Home > mailing lists
Re: ModifyTable overheads in generic plans - Mailing list pgsql-hackers

From	Amit Langote
Subject	Re: ModifyTable overheads in generic plans
Date	November 12, 2020 11:04:43
Msg-id	CA+HiwqGSeyQ0-AVzOo_4C9=X0BkZ8y2w6ucS8O4fTrRy-4BDsA@mail.gmail.com Whole thread Raw
In response to	Re: ModifyTable overheads in generic plans (Heikki Linnakangas <hlinnaka@iki.fi>)
Responses	Re: ModifyTable overheads in generic plans
List	pgsql-hackers
Tree view
On Wed, Nov 11, 2020 at 10:14 PM Heikki Linnakangas <hlinnaka@iki.fi> wrote:
> I'm still a bit confused and unhappy about the initialization of
> ResultRelInfos and the various fields in them. We've made progress in
> the previous patches, but it's still a bit messy.
>
> >               /*
> >                * If transition tuples will be captured, initialize a map to convert
> >                * child tuples into the format of the table mentioned in the query
> >                * (root relation), because the transition tuple store can only store
> >                * tuples in the root table format.  However for INSERT, the map is
> >                * only initialized for a given partition when the partition itself is
> >                * first initialized by ExecFindPartition.  Also, this map is also
> >                * needed if an UPDATE ends up having to move tuples across
> >                * partitions, because in that case the child tuple to be moved first
> >                * needs to be converted into the root table's format.  In that case,
> >                * we use GetChildToRootMap() to either create one from scratch if
> >                * we didn't already create it here.
> >                *
> >                * Note: We cannot always initialize this map lazily, that is, use
> >                * GetChildToRootMap(), because AfterTriggerSaveEvent(), which needs
> >                * the map, doesn't have access to the "target" relation that is
> >                * needed to create the map.
> >                */
> >               if (mtstate->mt_transition_capture && operation != CMD_INSERT)
> >               {
> >                       Relation        relation = resultRelInfo->ri_RelationDesc;
> >                       Relation        targetRel = mtstate->rootResultRelInfo->ri_RelationDesc;
> >
> >                       resultRelInfo->ri_ChildToRootMap =
> >                               convert_tuples_by_name(RelationGetDescr(relation),
> >                                                                          RelationGetDescr(targetRel));
> >                       /* First time creating the map for this result relation. */
> >                       Assert(!resultRelInfo->ri_ChildToRootMapValid);
> >                       resultRelInfo->ri_ChildToRootMapValid = true;
> >               }
>
> The comment explains that AfterTriggerSaveEvent() cannot use
> GetChildToRootMap(), because it doesn't have access to the root target
> relation. But there is a field for that in ResultRelInfo:
> ri_PartitionRoot. However, that's only set up when we do partition routing.
>
> How about we rename ri_PartitionRoot to e.g ri_RootTarget, and set it
> always, even for non-partition inheritance? We have that information
> available when we initialize the ResultRelInfo, so might as well.

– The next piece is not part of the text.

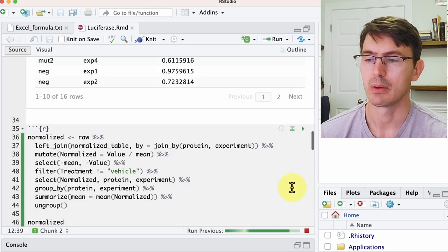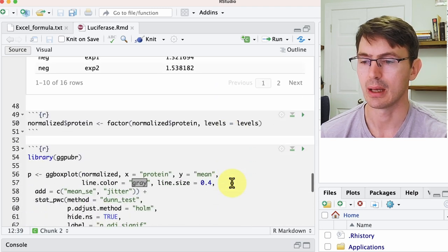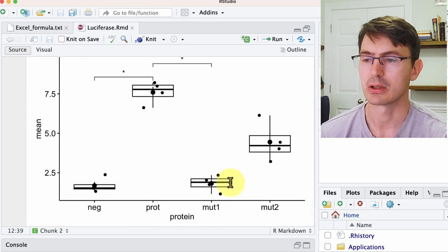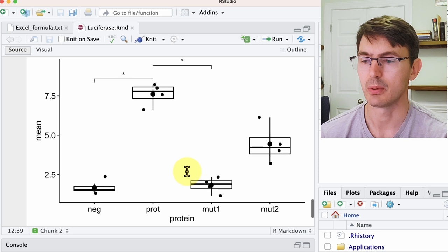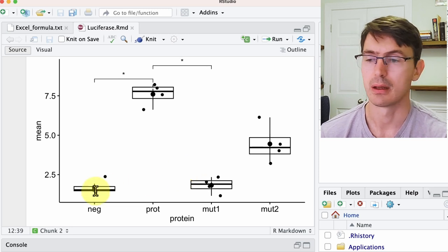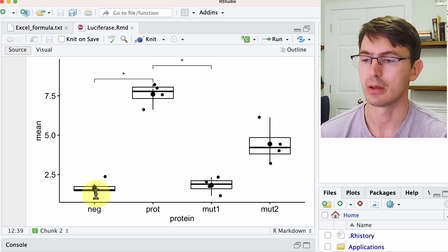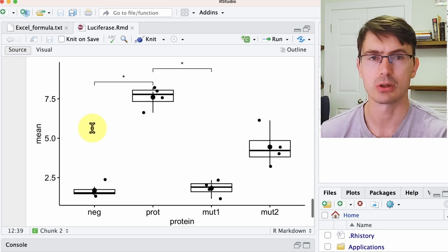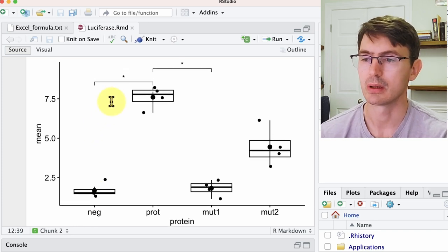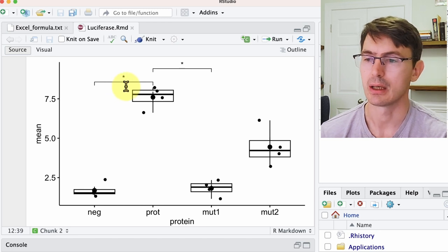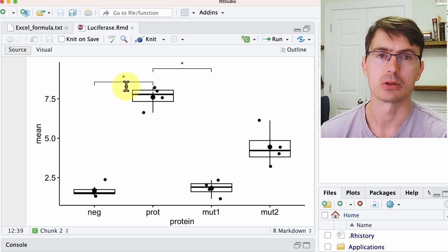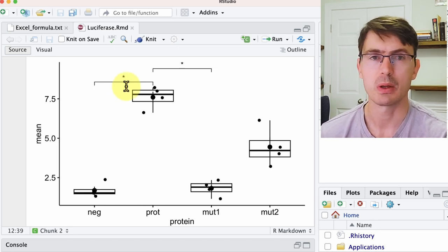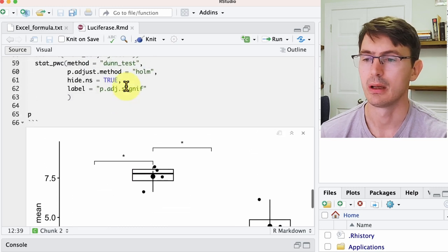So I have here the script, it's not that long. If we go ahead and run it, we end up with this almost publication-quality plot where you not only have the expression of the luciferase for the different conditions, but also you have the comparison between the different conditions and you have the statistics here indicating those that are significant.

Yeah, I agree it's better to use ri_PartitionRoot more generally like
you describe here.

> Some code currently checks ri_PartitionRoot, to determine if a tuple
> that's been inserted, has been routed. For example:
>
> >               /*
> >                * Also check the tuple against the partition constraint, if there is
> >                * one; except that if we got here via tuple-routing, we don't need to
> >                * if there's no BR trigger defined on the partition.
> >                */
> >               if (resultRelationDesc->rd_rel->relispartition &&
> >                       (resultRelInfo->ri_PartitionRoot == NULL ||
> >                        (resultRelInfo->ri_TrigDesc &&
> >                         resultRelInfo->ri_TrigDesc->trig_insert_before_row)))
> >                       ExecPartitionCheck(resultRelInfo, slot, estate, true);
>
> So if we set ri_PartitionRoot always, we would need some other way to
> determine if the tuple at hand has actually been routed or not. But
> wouldn't that be a good thing anyway? Isn't it possible that the same
> ResultRelInfo is sometimes used for routed tuples, and sometimes for
> tuples that have been inserted/updated "directly"?
> ExecLookupUpdateResultRelByOid() sets that field lazily, so I think it
> would be possible to get here with ri_PartitionRoot either set or not,
> depending on whether an earlier cross-partition update was routed to the
> table.

ri_RelationDesc != ri_PartitionRoot gives whether the result relation
is the original target relation of the query or not, so checking that
should be enough here.

> The above check is just an optimization, to skip unnecessary
> ExecPartitionCheck() calls, but I think this snippet in
> ExecConstraints() needs to get this right:
>
> >                               /*
> >                                * If the tuple has been routed, it's been converted to the
> >                                * partition's rowtype, which might differ from the root
> >                                * table's.  We must convert it back to the root table's
> >                                * rowtype so that val_desc shown error message matches the
> >                                * input tuple.
> >                                */
> >                               if (resultRelInfo->ri_PartitionRoot)
> >                               {
> >                                       AttrMap    *map;
> >
> >                                       rel = resultRelInfo->ri_PartitionRoot;
> >                                       tupdesc = RelationGetDescr(rel);
> >                                       /* a reverse map */
> >                                       map = build_attrmap_by_name_if_req(orig_tupdesc,
> >                                                                                                          tupdesc);
> >
> >                                       /*
> >                                        * Partition-specific slot's tupdesc can't be changed, so
> >                                        * allocate a new one.
> >                                        */
> >                                       if (map != NULL)
> >                                               slot = execute_attr_map_slot(map, slot,
> >
MakeTupleTableSlot(tupdesc,&TTSOpsVirtual));
 
> >                               }
>
> Is that an existing bug, or am I missing?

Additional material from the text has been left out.